The case is therefore plainly on all fours with Recruitment Revolution.
27. We should mention one point taken in the skeleton argument as regards the Ruston Hemmings case. The Second Respondent in that case was a firm called Carson Kay Recruitment. The Appellant says that no ET3 was ever lodged by them. We are unable to verify whether that was so, but the short answer is that it appears neither to have been taken below nor to have been taken in the Notice of Appeal.
28. For those reasons, we dismiss all these appeals.
29. We wish, finally, to add this. In the Reasons in the Recruitment Revolution case Employment Judge Etherington recorded that he understood that the Appellant had made some 50 similar Employment Tribunal applications. In the ET3 lodged by Talentedge Ltd, the Second Respondent in the Wells Tobias case, they say this:
“In this particular instance we do not believe that John Berry was personally disadvantaged by our breach and suffered no loss or detriment. Mr Berry lives in Bristol and the role was a £15,000 to £18,000 position based in London. I am aware that Mr John Berry is a vexatious litigant and serial claimant. I am familiar with a network of recruitment consultancies that have been targeted by Mr Berry to make money. I believe that he did not have any intention of applying for the position and without an application or a CV I do not see how we could have discriminated against him. If Mr Berry would like to send his CV to us, we will certainly consider him for any future opportunities that suit his skills.”
The ET3 goes on to refer to communications with ACAS which are said to further support the Respondent’s belief that the Appellant is “a serial claimant” who “has no intention of applying to positions but is merely doing it for personal financial gain.” In the review Reasons in the PTS judgment, Judge Etherington said this at paragraph 16:
“It is also clear that the Claimant has made numerous contacts with employers regarding advertised jobs asserting age discrimination. He has taken none of the jobs that have been so advertised but we understand has agreed to many settlements out of court. It seems that Mr Berry may be more concerned to highlight what he sees as a lacuna in the law than truly apply for a job but is nevertheless interested in receiving financial compensation.”
If the Appellant had taken the trouble to attend this hearing, we would have wished to put those observations and criticisms to him. Not having had that opportunity, we express no concluded view on his motivation in bringing this litigation.
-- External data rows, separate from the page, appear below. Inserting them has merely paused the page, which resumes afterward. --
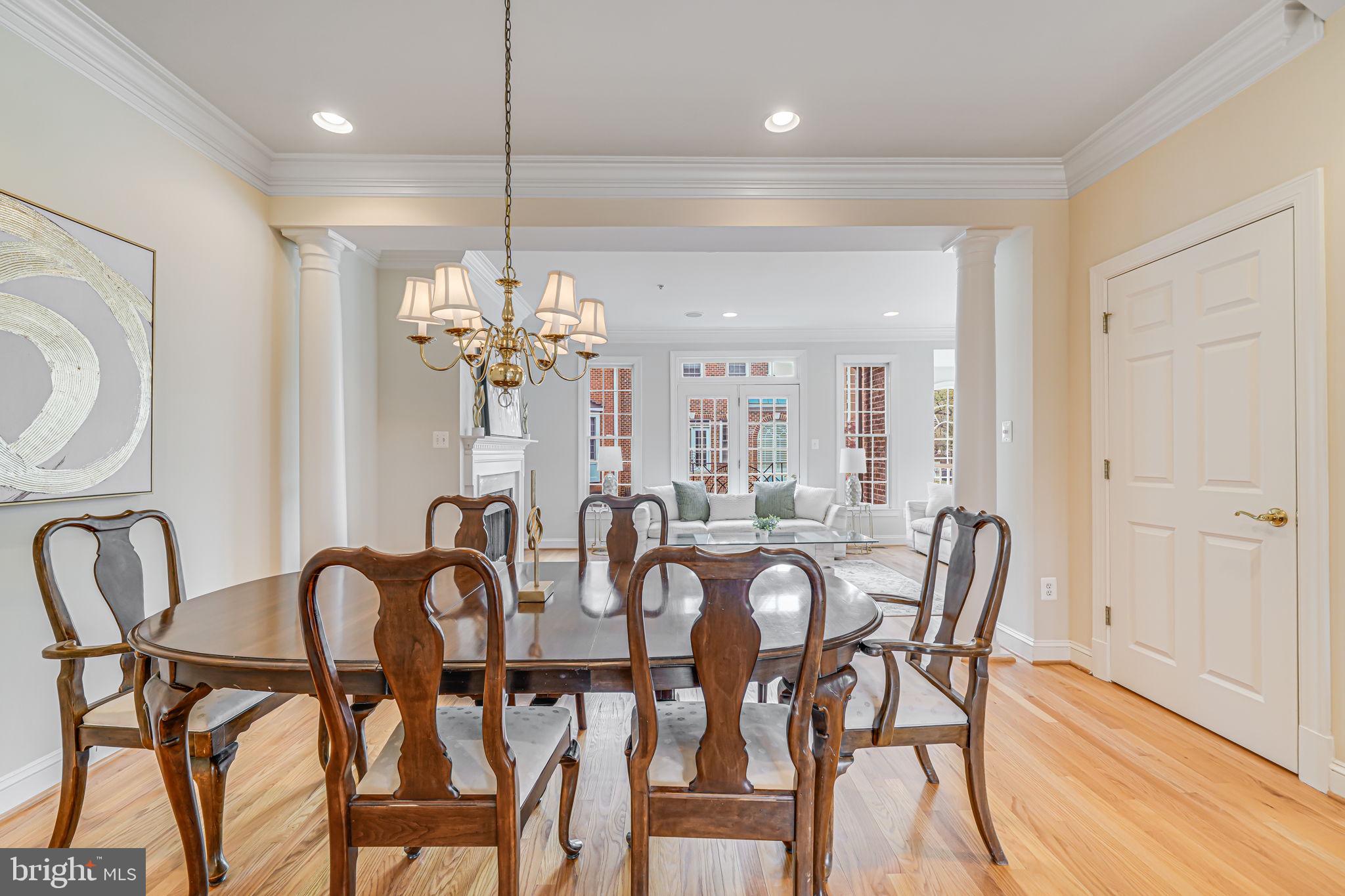 MCLEAN CREST - Residential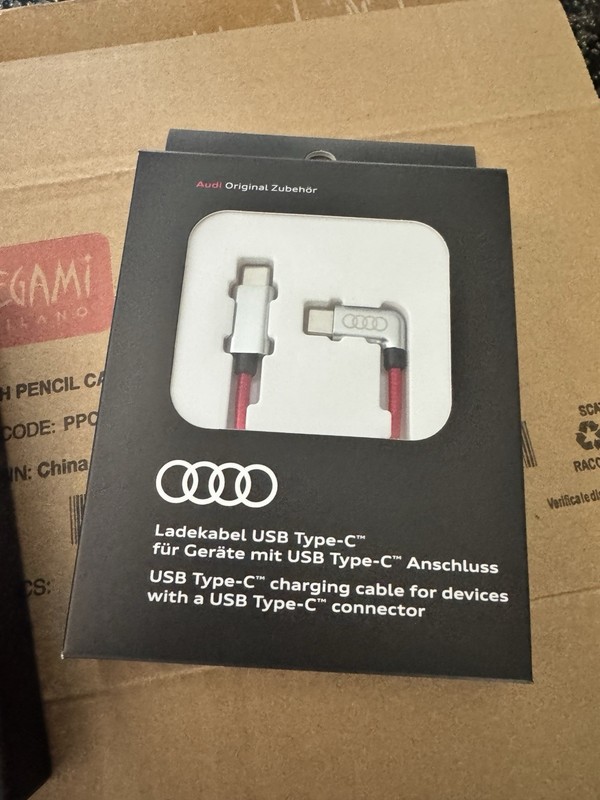 🧨Black Friday 8S0051435L - USB-C to USB-C Corner Charging Cable, Red gallery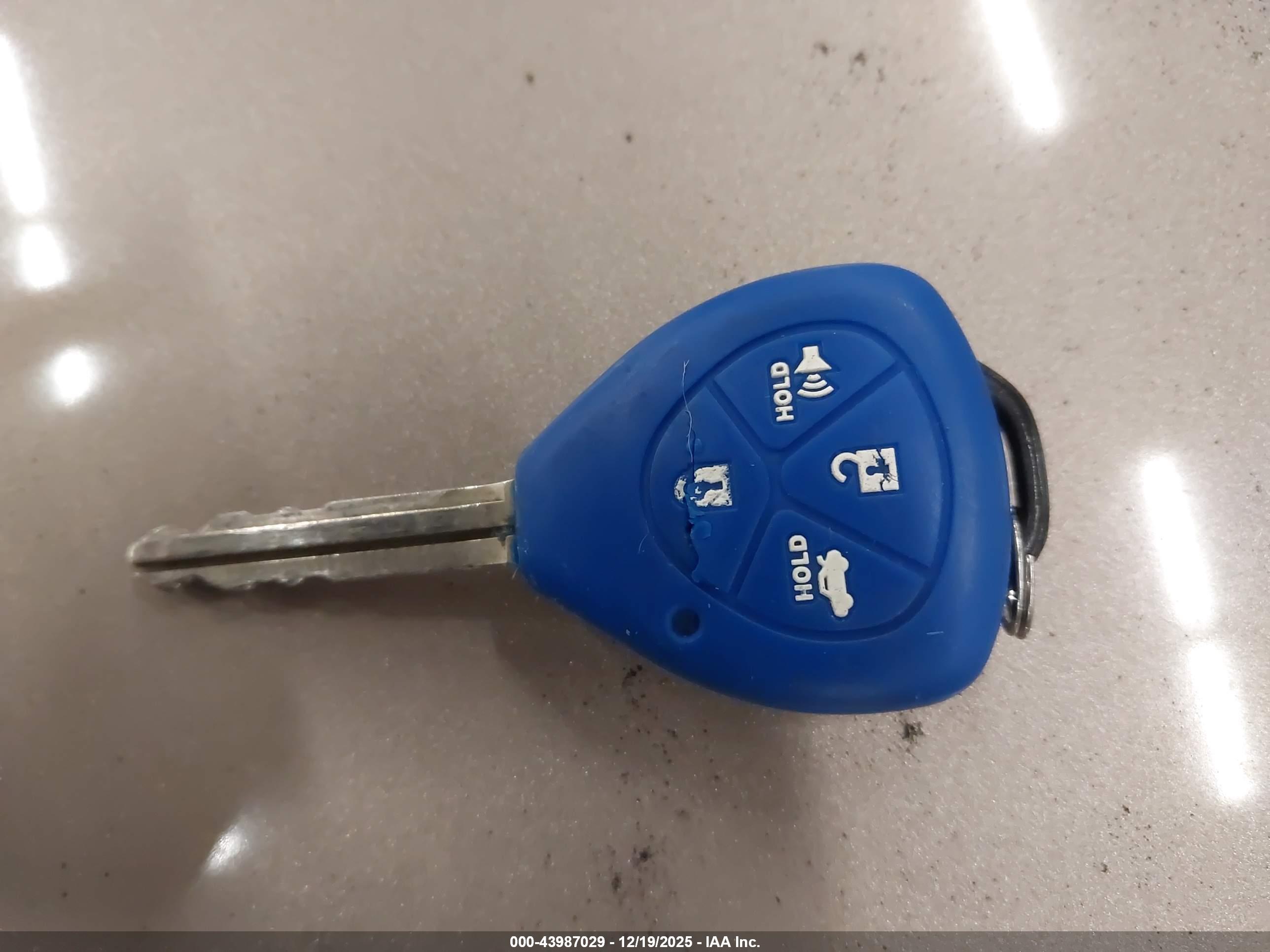 TOYOTA RAV4 image 11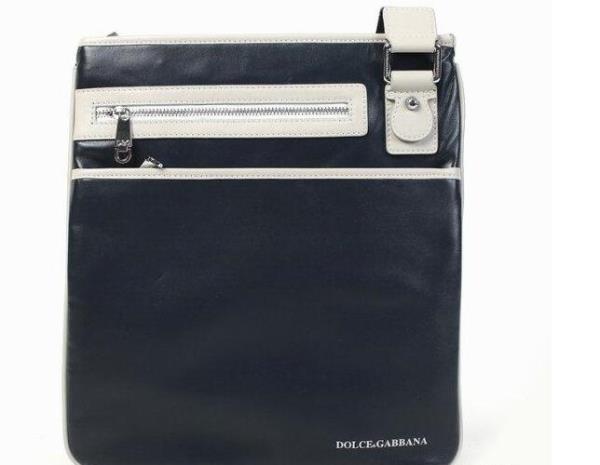 知名度が高いドルチェ＆ガッバーナ DOLCE&GABBANA　 収納性が満点のハンドバッグ人気ブランド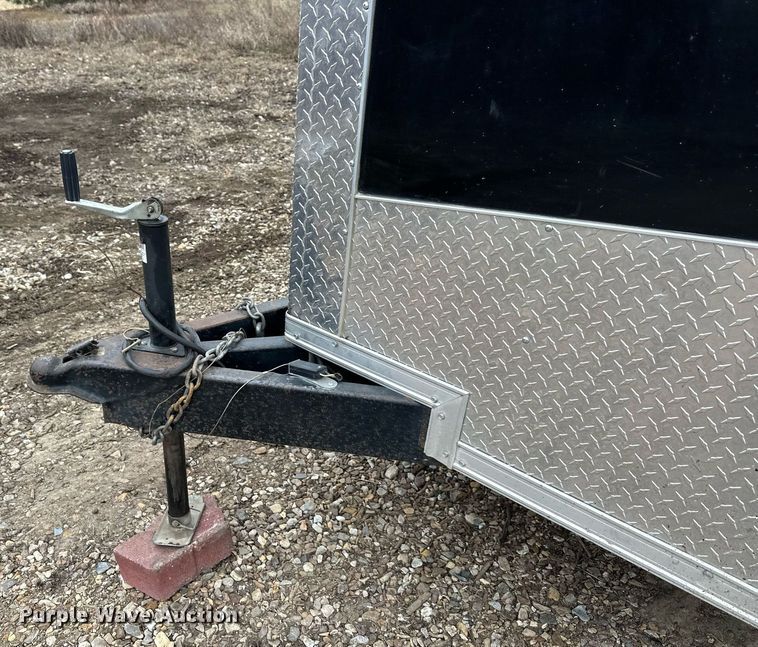 image for item DQ6631 2019 Formula enclosed cargo trailer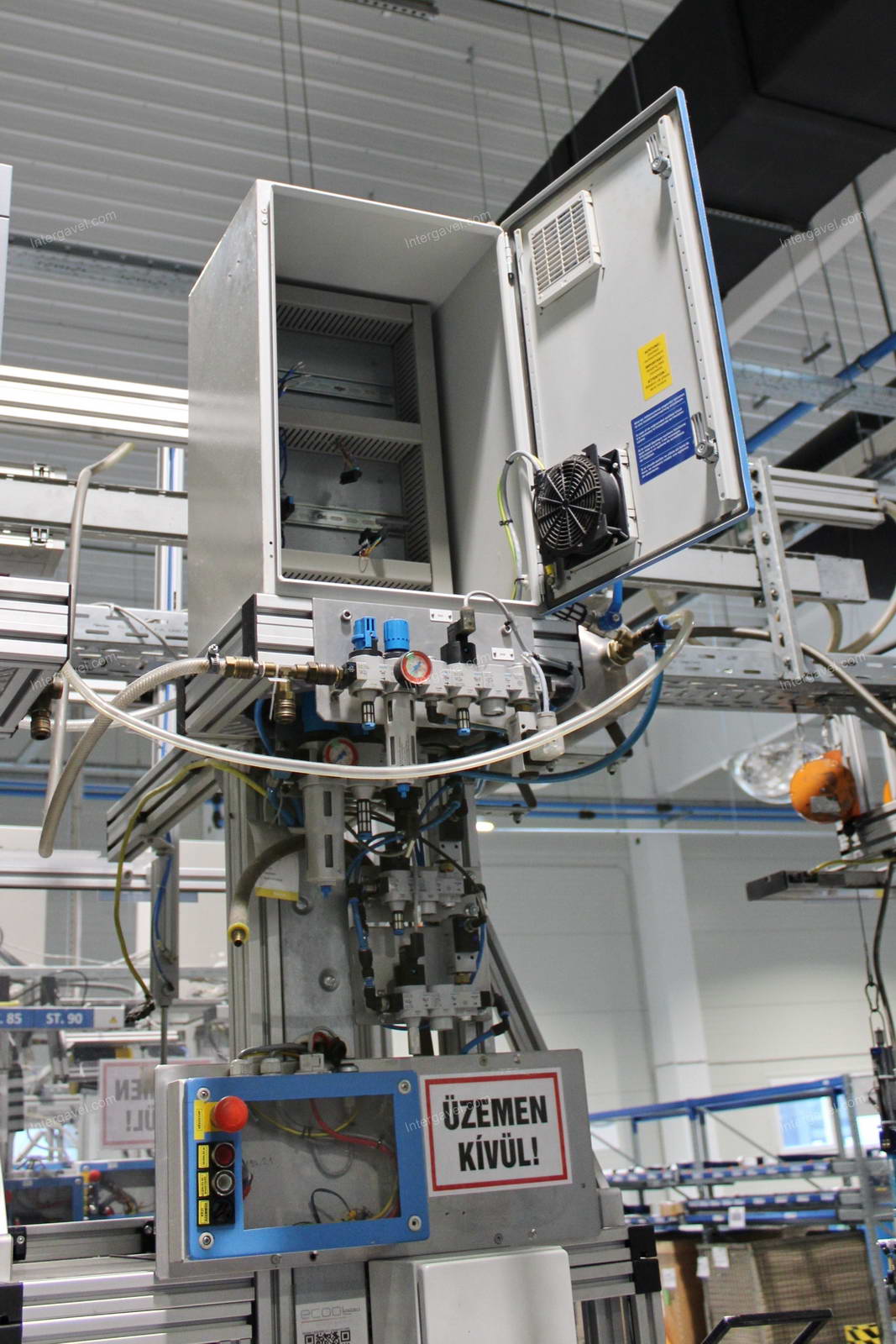 Szerelő munkahely 13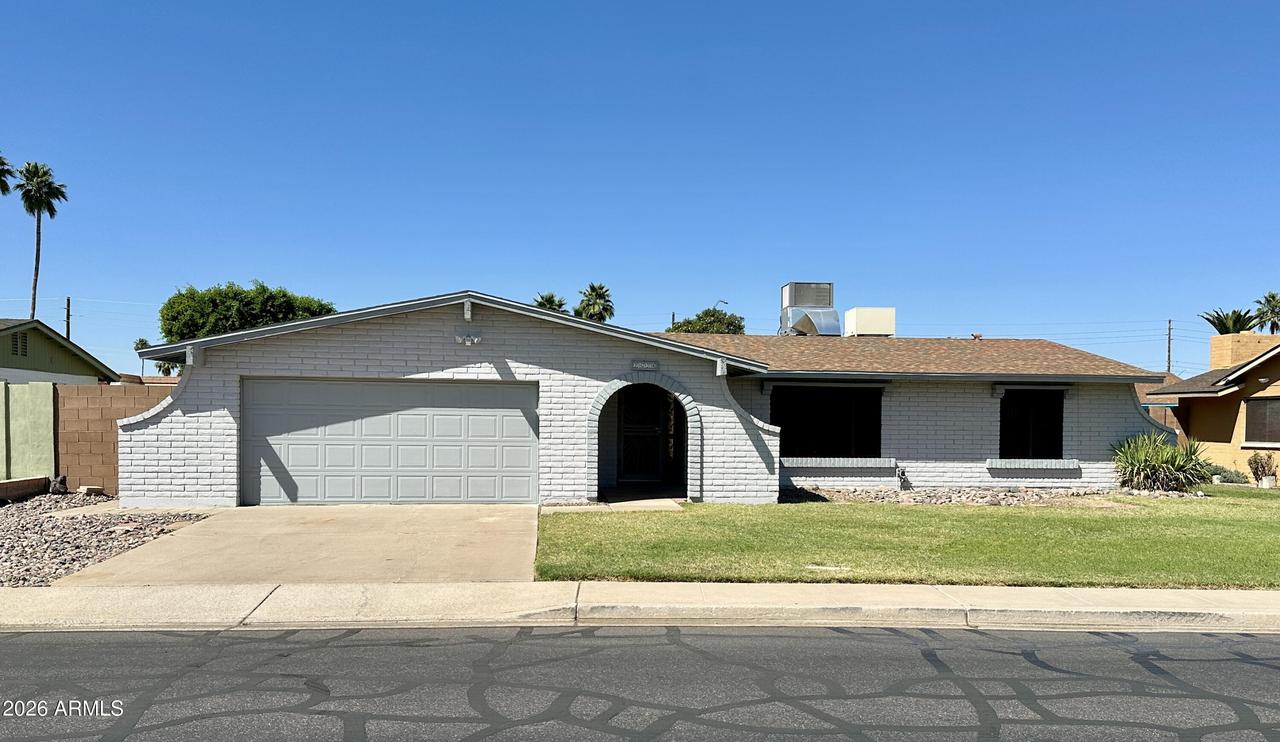 2528 W Osage Ave., Mesa, AZ 85202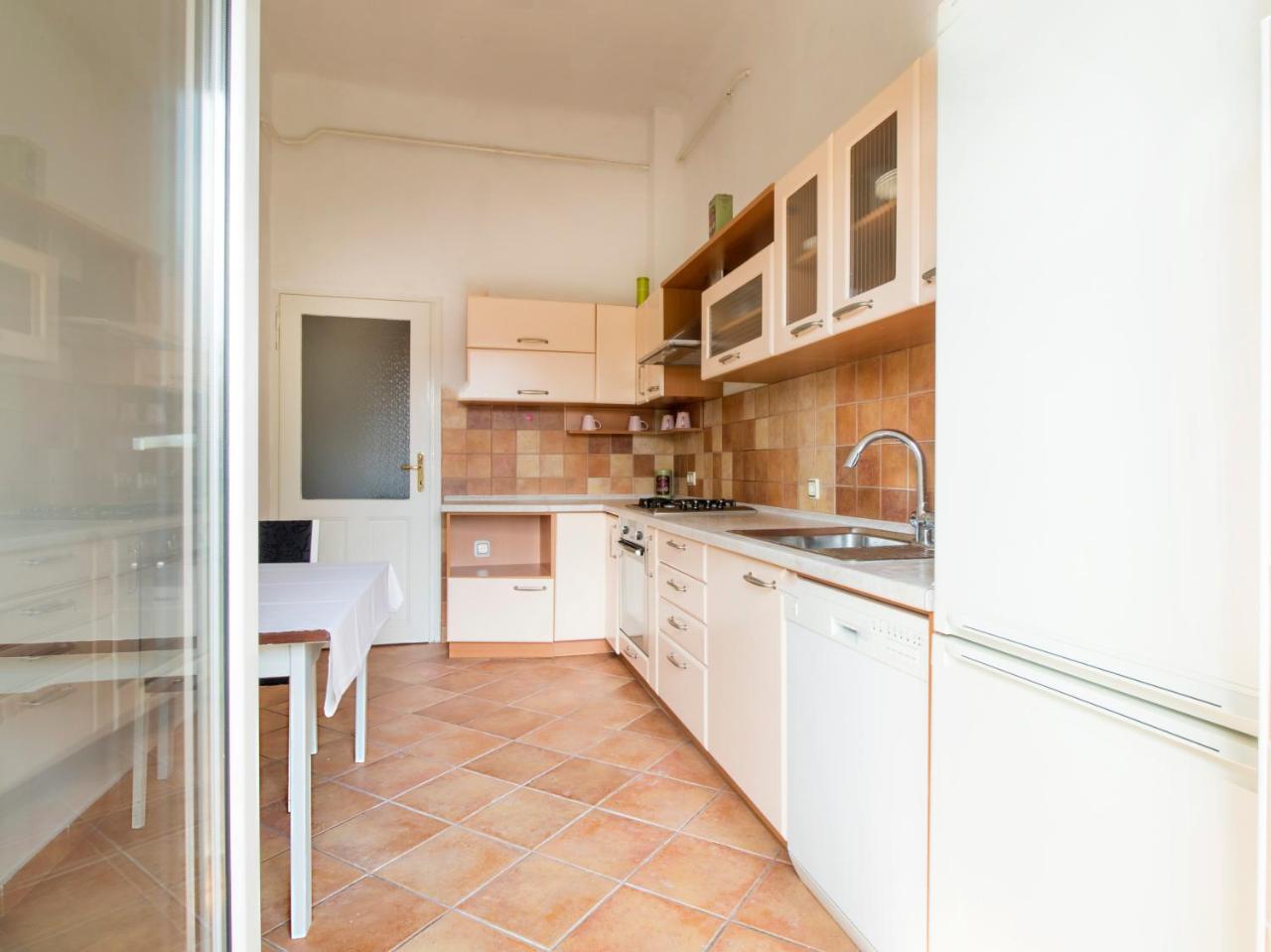 Guesthouse Centar 2 Загреб Екстериор снимка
We wish, however, to emphasise that the purpose of the Regulations is not to provide a source of income for persons who complain of arguably discriminatory advertisements for job vacancies which they have in fact no wish or intention to fill, and that those who try to exploit the Regulations for financial gain in such circumstances are liable, as happened to the claimant in the Investigo case, to find themselves facing a liability for costs.